| Pour cette nouvelle inédite, l’illustration a été réalisée par Anouck Faure, une artiste néo-calédonienne qui crée des univers oniriques mêlant insularité et sciences-fictions.© Anouck Faure |
Par Michael Roch
Écrivain et scénariste, il vit en Martinique. Remarqué pour son premier roman Moi, Peter Pan, il représente la nouvelle voix de l’afrofuturisme caraïbéen.
Jann se penche encore un peu plus par-dessus le bord du Gran’Trou. Tu es
sûr que c’était par-là ? Elle scrute les profondeurs, mais ni la
lumière du jour ni la frontale de ʃrli ne permet de distinguer le fond.
Le technosapiens la retient par la ceinture, même si Jann a fiché son
crochet dans un nœud de racines pour ne pas perdre l’équilibre. Elle
répète, de sa voix qui trahit le sortir de l’enfance, je vois rien ʃrli,
tu es sûr que c’était une plume ? Le robot bruite une forme de
validation. La tonalité fait rire la jeune fille. Elle se ressaisit et
les deux prennent la trace du retour, à travers les palétuviers de
l’étang bwa-sek qui enferment l’ancienne faille volcanique.
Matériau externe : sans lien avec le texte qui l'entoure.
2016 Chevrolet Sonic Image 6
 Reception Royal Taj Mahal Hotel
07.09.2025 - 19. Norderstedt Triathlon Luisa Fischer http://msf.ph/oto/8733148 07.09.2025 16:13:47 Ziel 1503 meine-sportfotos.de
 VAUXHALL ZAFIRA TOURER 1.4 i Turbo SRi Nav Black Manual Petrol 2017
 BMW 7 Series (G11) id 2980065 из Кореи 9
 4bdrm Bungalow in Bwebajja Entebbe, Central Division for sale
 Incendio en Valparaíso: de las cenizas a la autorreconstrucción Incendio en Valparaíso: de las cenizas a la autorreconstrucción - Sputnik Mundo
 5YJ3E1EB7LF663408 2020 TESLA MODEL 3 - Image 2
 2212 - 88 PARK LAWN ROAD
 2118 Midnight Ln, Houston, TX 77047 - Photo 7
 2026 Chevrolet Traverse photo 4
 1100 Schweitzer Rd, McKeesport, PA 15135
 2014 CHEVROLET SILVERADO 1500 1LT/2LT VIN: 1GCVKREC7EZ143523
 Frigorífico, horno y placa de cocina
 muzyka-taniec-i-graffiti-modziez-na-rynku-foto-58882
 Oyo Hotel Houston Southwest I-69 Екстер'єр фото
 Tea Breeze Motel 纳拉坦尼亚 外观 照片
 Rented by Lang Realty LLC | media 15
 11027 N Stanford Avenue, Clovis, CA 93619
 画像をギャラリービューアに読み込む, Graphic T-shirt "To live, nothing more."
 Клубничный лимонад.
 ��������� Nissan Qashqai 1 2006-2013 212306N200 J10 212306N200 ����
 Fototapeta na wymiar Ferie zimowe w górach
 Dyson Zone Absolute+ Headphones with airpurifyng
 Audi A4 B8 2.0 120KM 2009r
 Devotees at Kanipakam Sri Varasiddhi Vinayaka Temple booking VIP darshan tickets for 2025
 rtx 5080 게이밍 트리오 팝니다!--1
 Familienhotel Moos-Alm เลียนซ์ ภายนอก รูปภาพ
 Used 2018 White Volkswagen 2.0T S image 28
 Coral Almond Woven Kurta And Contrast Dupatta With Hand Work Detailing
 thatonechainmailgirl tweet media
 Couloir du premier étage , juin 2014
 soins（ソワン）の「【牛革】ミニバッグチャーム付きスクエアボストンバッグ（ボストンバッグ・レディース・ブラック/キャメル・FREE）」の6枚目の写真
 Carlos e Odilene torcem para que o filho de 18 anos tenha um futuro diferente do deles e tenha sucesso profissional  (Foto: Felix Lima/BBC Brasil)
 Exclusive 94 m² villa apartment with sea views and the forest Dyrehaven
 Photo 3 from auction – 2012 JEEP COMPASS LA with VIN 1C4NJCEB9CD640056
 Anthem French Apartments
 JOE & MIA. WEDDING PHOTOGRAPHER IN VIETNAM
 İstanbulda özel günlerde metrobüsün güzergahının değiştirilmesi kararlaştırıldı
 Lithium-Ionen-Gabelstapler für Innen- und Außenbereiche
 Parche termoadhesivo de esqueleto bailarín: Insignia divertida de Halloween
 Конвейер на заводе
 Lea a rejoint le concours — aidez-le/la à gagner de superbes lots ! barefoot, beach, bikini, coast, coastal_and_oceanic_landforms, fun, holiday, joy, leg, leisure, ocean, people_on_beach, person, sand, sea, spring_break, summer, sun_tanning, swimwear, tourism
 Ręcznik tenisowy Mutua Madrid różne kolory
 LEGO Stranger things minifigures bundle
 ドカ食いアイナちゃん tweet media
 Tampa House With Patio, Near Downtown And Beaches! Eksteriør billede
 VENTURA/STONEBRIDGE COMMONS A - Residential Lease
Nous considérons les mangroves comme des lieux impénétrables. C’est
d’ailleurs cette idée qui saisit les premiers colons et laissa croire
que les territoires, derrière nos mangroves, étaient vierges. Les
mangroves sont des barrières. Les mangroves filtrent et protègent les
terres des marées tempétueuses, et des colons trop farouches. Mais nous
ne savons pas à quoi sert la mangrove au cœur du Lakou. Elle a poussé
autour de la faille. Nous ne savons pas ce qu’elle protège, ni ce
qu’elle filtre, ni dans quel sens.
ʃrli dit qu’il a trouvé une plume, lance Jann à son grand frère. Et Timo
lui répond, ah, son translatè est réparé ? Non, mais de toute façon, je
comprends quand il chuite. Timo regarde le robot et le robot le
dévisage trop longtemps en retour, ça le met mal à l’aise. Ce matin,
Timo n’a pas de temps pour sa petite sœur. Il doit débarrasser l’aire de
troc du Lakou de tout le stock d’élektronik qui lui a été livré. ll a
eu l’ensemble à un bon prix, plus quelques fruits cueillis depuis
l’ichali. Il pense pouvoir récupérer des composants essentiels pour
réparer le translatè de ʃrli. Il a promis à Jann. Avant ça, il doit
déplacer la palette de matos que les dépénayè ont abandonné là, jusqu’au
kub de recyclage. Alors qu’il s’éloigne, Jann lui crie, et le bébé, je
pourrais venir voir le bébé ? !
L’humanité a mis du temps à comprendre comment habiter,
et donc comment détruire le monde tout en le préservant.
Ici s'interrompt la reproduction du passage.